Unterjährige Prämien-Erhöhungen drohen
Angesichts der anhaltenden Verwerfungen an den Börsen und der teils massiven Umschichtungen der Kundenbasis bei verschiedenen kleinen und mittleren Krankenkassen weist Schneuwly auf die Gefahr unterjähriger Prämienerhöhungen im Verlauf des kommenden Jahres hin.
«Verzeichnet ein Versicherer sehr viele Neukunden, verschlechtert sich seine Reservesituation schlagartig. Das könnte das Bundesamt für Gesundheit (BAG) als Aufsichtsbehörde dazu veranlassen, einzelne Versicherer zu zwingen, ihre Prämien schon vor der nächsten ordentlichen Prämienrunde zu erhöhen», warnt der Comparis-Experte. Comparis fordert das Ende der Prämiengenehmigung durch das BAG Gemäss Schneuwlys Beobachtung funktioniert der Wettbewerb unter den Krankenversicherern. Deshalb könne sich kein Versicherer zu hohe Prämien erlauben.

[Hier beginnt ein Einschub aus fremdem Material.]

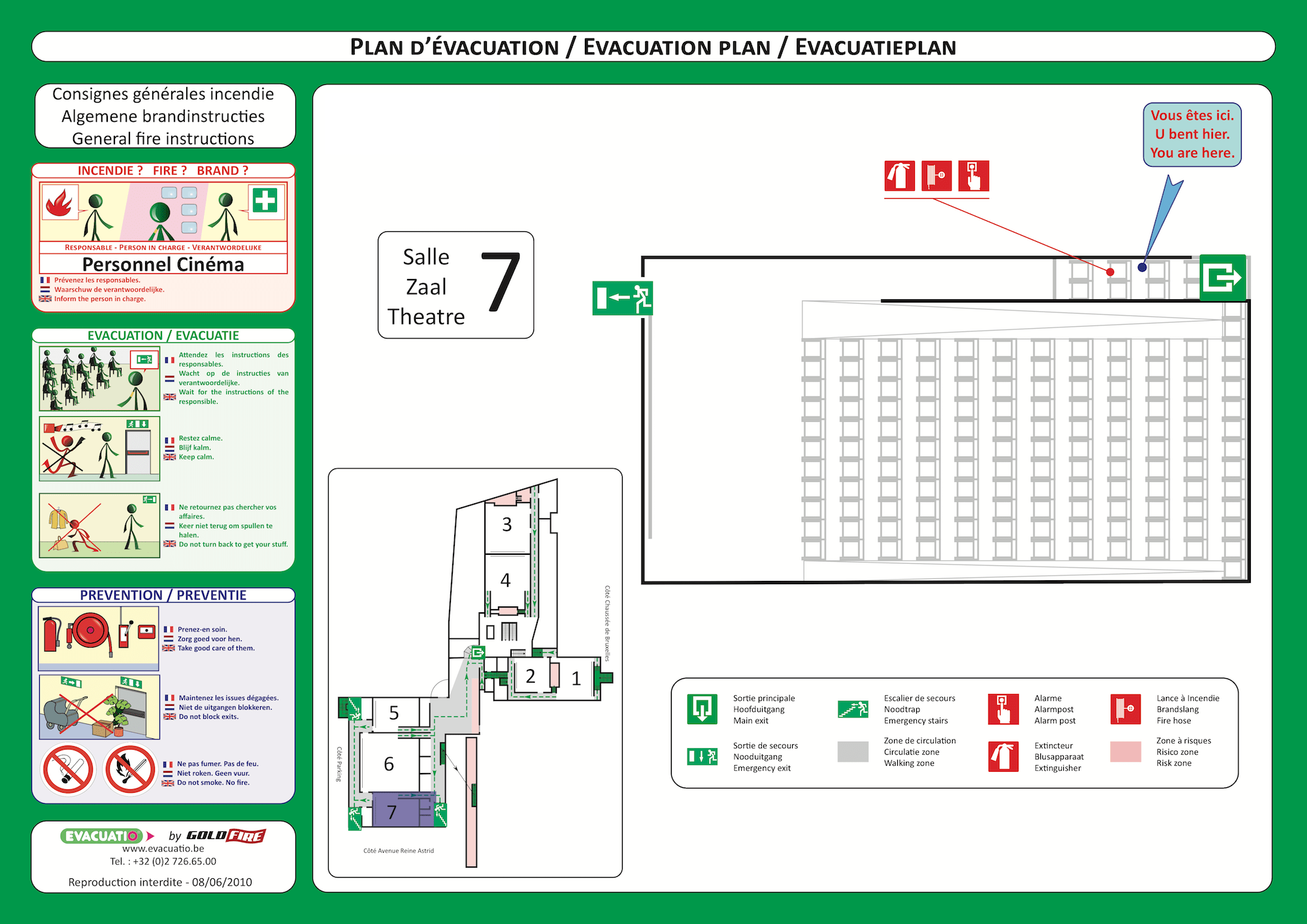 Evacuatio Exemples de plans d'évacuation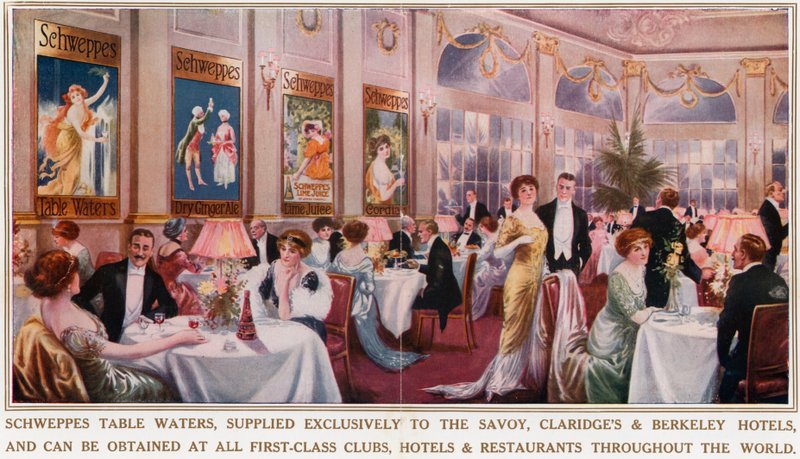 Acque da tavola Schweppes da English School
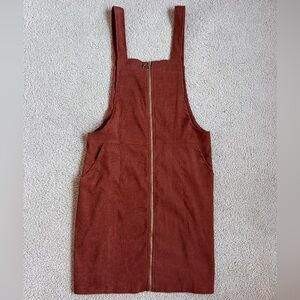 Corduroy Rust Orange Dress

«Politische Eingriffe in die Reserven der Krankenkassen haben dagegen bisher immer zu Prämienschocks geführt. Und Prämienschocks haben immer massive Kundenwechsel bei den Krankenkassen bewirkt», so der Experte. Weil jede Kasse für ihre Neukundschaft Reserven aufbauen müsse, könne ein starker Kundenzuwachs wiederum die Solvenz der betroffenen Kassen gefährden.
«Es ist allerdings nicht die Aufgabe des BAG, einzelne Kassen vor dem Konkurs zu schützen. Die Versicherten könnten bei einem Konkurs die Kasse wechseln. Und die Gläubiger würden aus dem Insolvenzfonds der Krankenversicherer entschädigt», so Schneuwly. Er fordert deshalb den Verzicht auf die Prämiengenehmigung durch das BAG: «Es reicht, wenn die Krankenkassen dem BAG die Prämien fürs nächste Jahr mitteilen. Eine Prämiengenehmigung ist nicht nötig.»